However, it’s inevitable that you’ll end up with a food stain on it at some point.
The key to dealing with any stain, says cleaning expert Melissa Maker, is to know what you’re working with.
"Know what material your upholstery is made of, whether it's leather, cotton or linen, or microfibre," she explains. The care tag on your sofa will tell you what material it is – just look under a cushion.
Here’s how to clean food stains from any sofa.
First, scrape off any of the debris from the stain as soon as it happens with a butter knife. Then blot – not rub – the stain using a paper towel.
"Imagine you are brushing a soft tomato or peach, that's about how hard you want press," says Maker. Continue doing this until the liquid is removed.
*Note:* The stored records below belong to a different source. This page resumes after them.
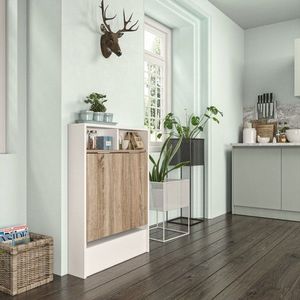 Hanah Home Skládací jídelní stůl 2v1 BRETA dub sonoma/bílý obraz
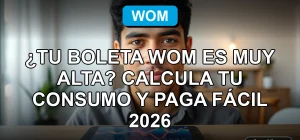 Mujer revisando su consumo de datos y boleta de WOM en su teléfono inteligente, mostrando gráficos de uso en la pantalla.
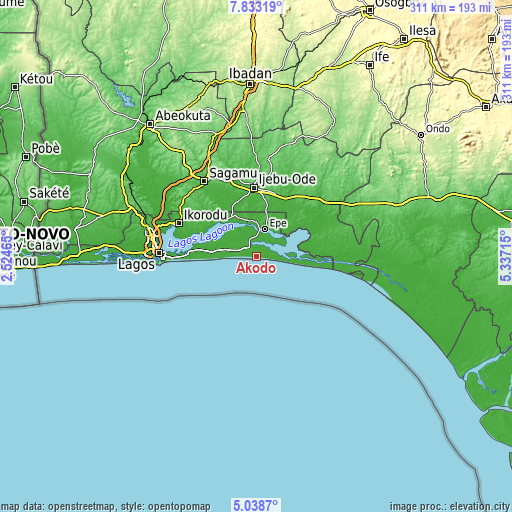 Topographic map of Akodo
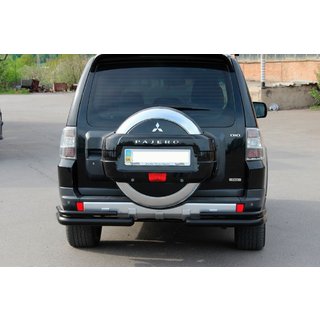 Задняя двойная дуга AK003 Черная (нерж. сталь) Mitsubishi Pajero Wagon IV 2006-2021 гг. фото 3
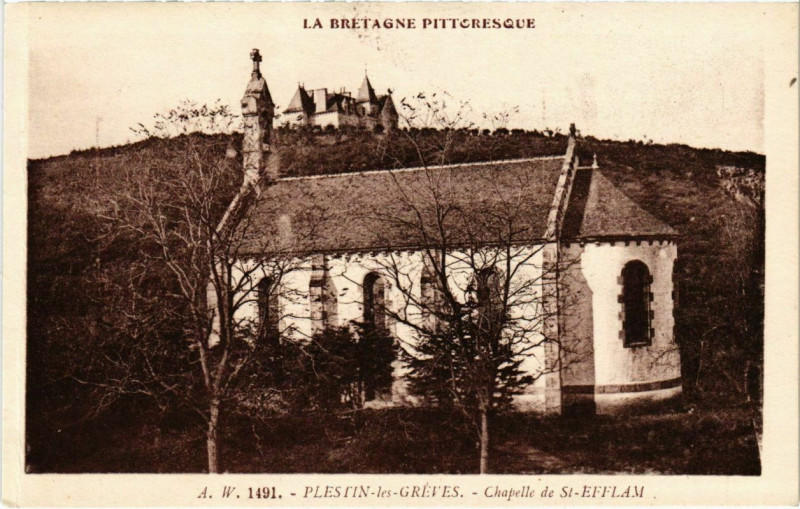 Carte postale ancienne Plestin-les-Greves - Chapelle de St-Efflam à Plestin-les-Grèves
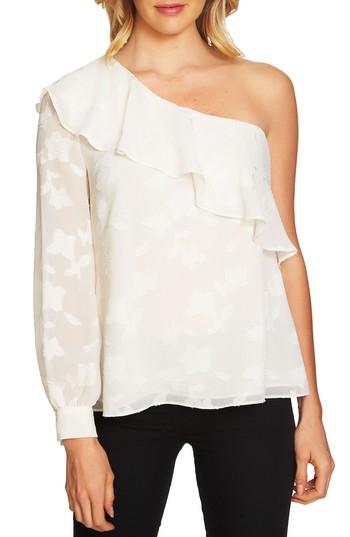Women's Cece Ruffled One-shoulder Top - Ivory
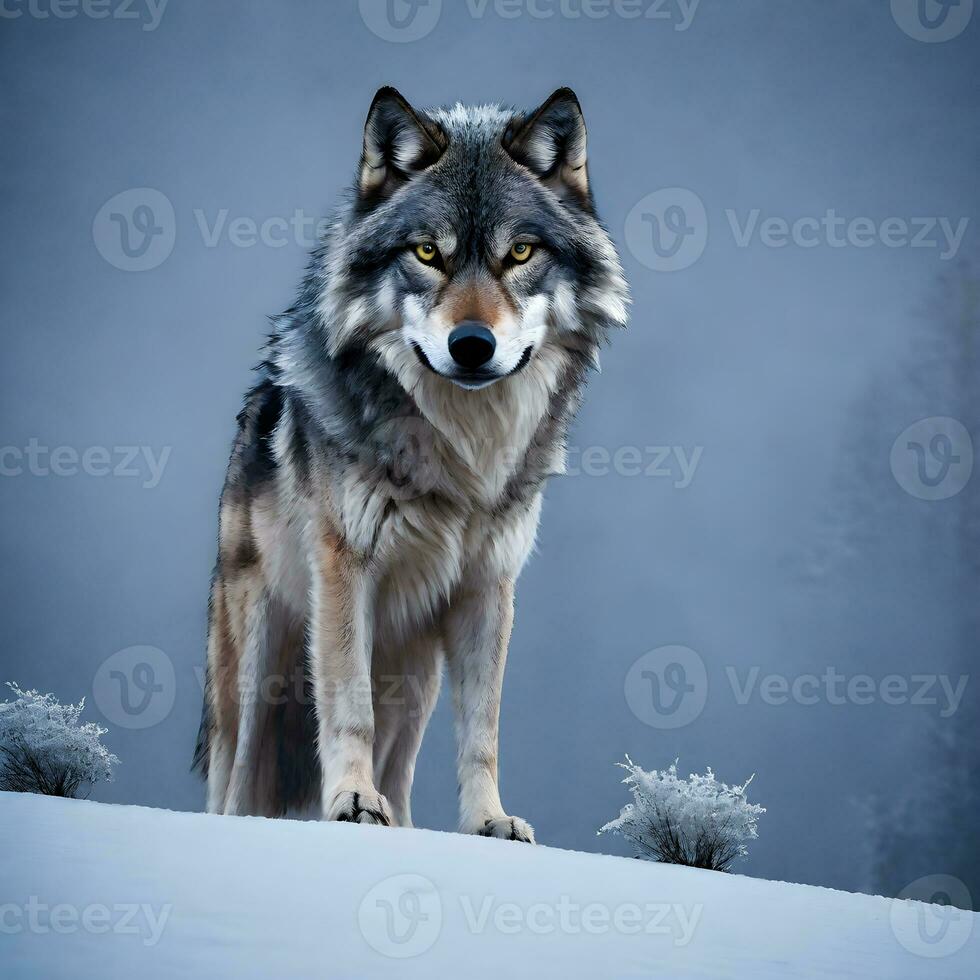 uma solitário Lobo em pé orgulhosamente em uma coberto de neve colina. ai generativo foto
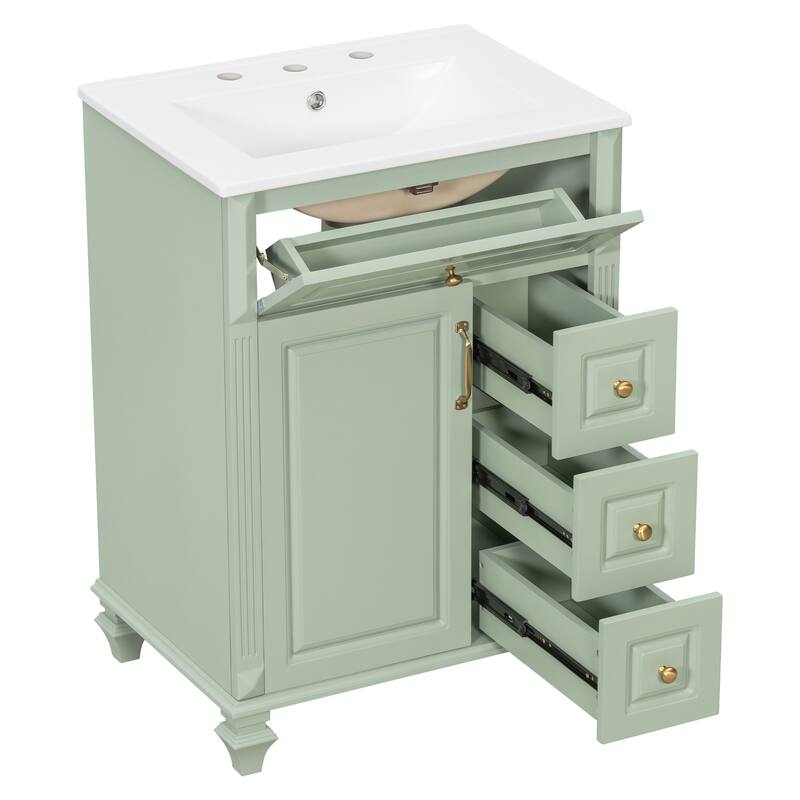 24" Freestanding Bathroom Vanity with Ceramic Sink, Flip-Out Drawer & 3-Drawer Cabinet, Solid Wood & MDF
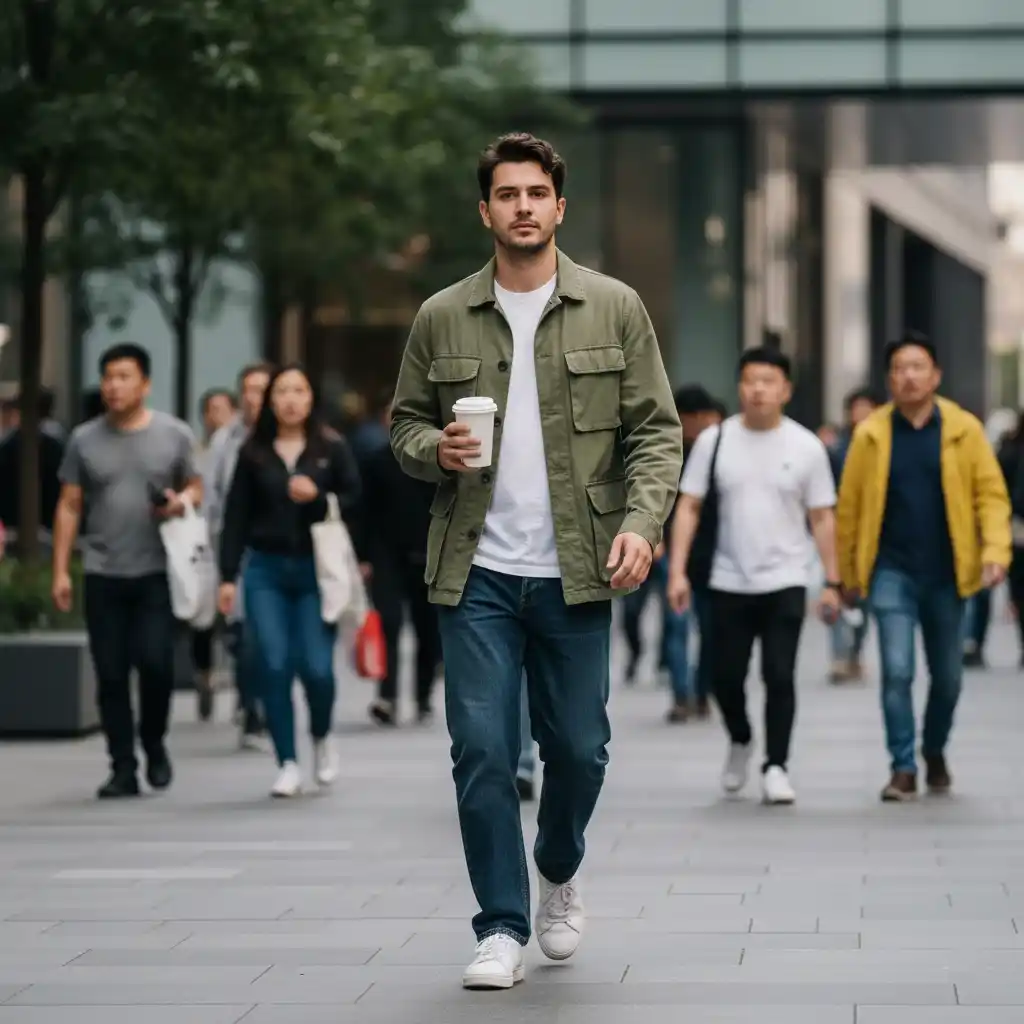 Gen Z man walking through the city with takeaway coffee.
Then you need to consider your sofa material.
Cover the stain with baking soda and leave for 15 minutes before vacuuming it with the brush attachment.
Coated or finished leather
Blot and then wipe with a damp microfibre cloth. You might need to use a leather conditioner if the stain remains.
Cotton or linen
Mix one tablespoon of white vinegar with 2/3 cup rubbing alcohol and sponge on to the stain then blot with a clean white cloth until the liquid is absorbed.
"Make sure you're getting the solvent onto the stain only to avoid creating water rings," says Maker. Repeat the process until the stain disappears.
Check the label for the letter in the list below.
W: You should use a water-based cleaning solution.
S: Dab the stain like cotton or linen (above), but use rubbing alcohol or vodka instead.
S/W: Either of the above methods will work
X: Vacuum only, don’t use liquid. Try to scrape up any excess stain and then gently use a toothbrush to lift remaining debris.